L’incontro dei membri del Congresso con il leader spirituale tibetano e i rappresentanti dell’Amministrazione Centrale Tibetana è culminato il 10 maggio, alla presenza di centinaia di tibetani festanti, con una grande cerimonia di benvenuto organizzata presso lo Tsuglakhan, il principale tempio di Dharamsala (nella foto). Nel suo discorso Nancy Pelosi, da anni vicina alle istanze del popolo tibetano, ha affermato che i membri della delegazione intendono adoperarsi per la ripresa del dialogo da anni interrotto tra il governo cinese e i rappresentanti del governo tibetano in esilio e battersi per la difesa dei diritti umani e dell’ambiente in Tibet.
“Alcuni cinesi ritengono inconcepibile l’idea di un Tibet autenticamente autonomo ma per noi questa opzione è del tutto inevitabile”, ha tra l’altro detto la rappresentante democratica. “Dobbiamo ridurre la distanza tra ciò che per loro è inconcepibile e ciò che per noi è inevitabile. Sono certa che grazie alla vostra devozione, al vostro impegno, all’attaccamento ai valori della vostra cultura, lingua, religione e con la guida di Sua Santità il Dalai Lama riuscirete nel vostro intento”.

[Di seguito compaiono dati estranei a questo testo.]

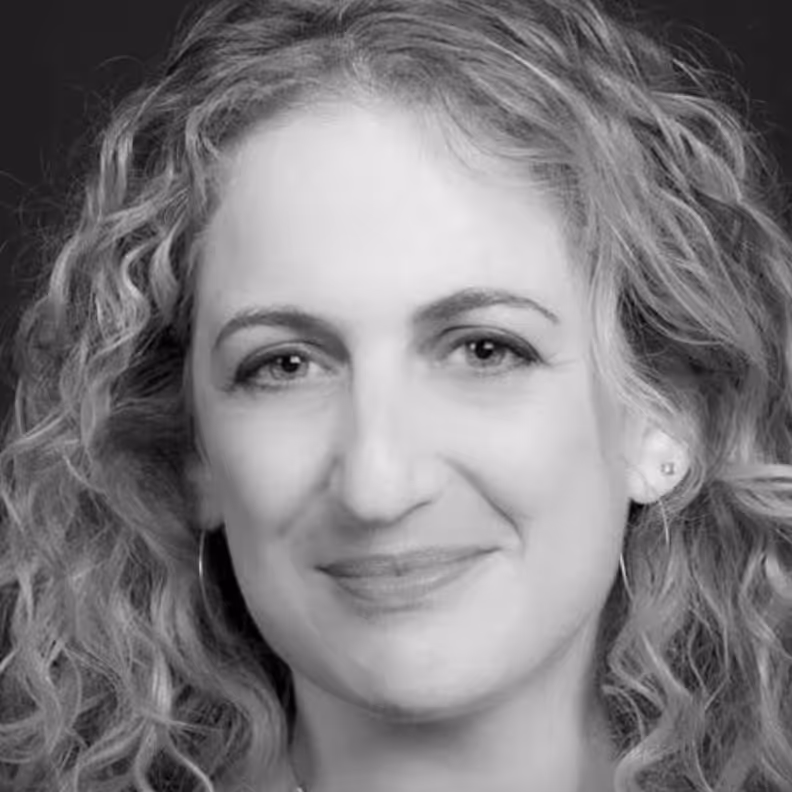 Close-up black-and-white portrait of a woman with curly hair smiling softly against a dark background.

Prevedendo le reazioni cinesi all’incontro con la delegazione USA, il Dalai Lama ha detto che la visita non doveva essere considerata un atto di ostilità nei confronti di Pechino. “Non dobbiamo considerare la Cina un nemico, la difficile situazione esistente in Tibet è un problema per entrambi e come tale deve essere affrontata. L’uso della forza porta solo incomprensione e paura. Senza armonia il problema non può trovare una soluzione”.

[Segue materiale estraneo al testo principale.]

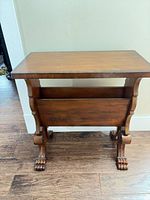 Full view of wooden side table with magazine rack and carved feet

Nonostante le parole di distensione, Pechino ha risposto alla visita con una formale protesta diplomatica. Il ministro cinese degli Affari Esteri, Geng Shuang, ha così dichiarato: “La visita di una rilevante delegazione del Congresso degli Stati Uniti per incontrare il Dalai Lama ha mandato un segnale molto forte al mondo riguardo all’indipendenza del Tibet e va contro le promesse statunitensi sulla questione tibetana. La Cina si oppone fermamente a questo incontro e ha inviato una solenne rimostranza agli U.S.A.” “Chiediamo alle massime autorità politiche del Congresso americano di trattare con la massima cura la questione del Tibet, ponendo fine a tutte le comunicazioni con il Dalai Lama e prendendo misure urgenti per gestire l’impatto negativo della visita”.

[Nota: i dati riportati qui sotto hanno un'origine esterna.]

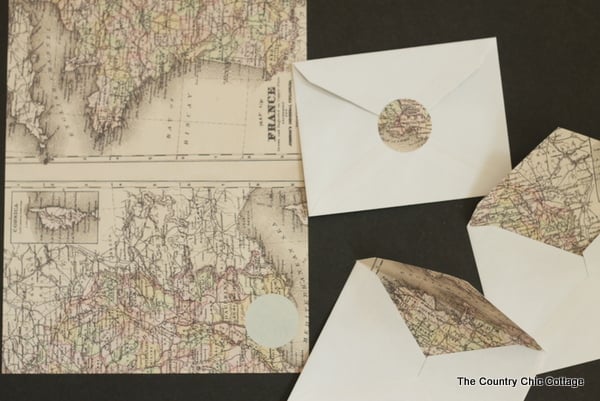 2 Envelopes with maps inside of them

L’ultimo caso di autoimmolazione in Tibet
L’ultimo tibetano a cercare la morte con il fuoco in segno di protesta contro l’occupazione cinese è uno studente di soli 16 anni, Chagdor Kyab, di Bora, una cittadina della Prefettura Autonoma Tibetana di Kanlho, nella Regione dell’Amdo. Il giorno 2 maggio si è cosparso di benzina e si è dato fuoco nelle vicinanze del monastero di Bora gridando “Il Tibet vuole la libertà” e “Lunga vita al Dalai Lama”. Avvolto dalle fiamme, il ragazzo ha cercato invano di correre verso gli uffici governativi. Caduto a terra, è stato immediatamente circondato dagli agenti di polizia che hanno spento il fuoco con gli estintori e hanno portato via il suo corpo. Non si conosce ancora la sua sorte ma si teme che non sia sopravvissuto.
Riferisce Radio Free Asia che ai genitori Chagdor Kyab è stato impedito di celebrare il rito funebre e che agli amici e parenti è stato vietato di rendere visita alla famiglia. Tutte le linee di comunicazione, incluso Internet, sono state interrotte nel tentativo di impedire la diffusione della notizia. Sale a 149 il numero dei tibetani che dal 2009 hanno cercato la morte con il fuoco all’interno del Tibet occupato.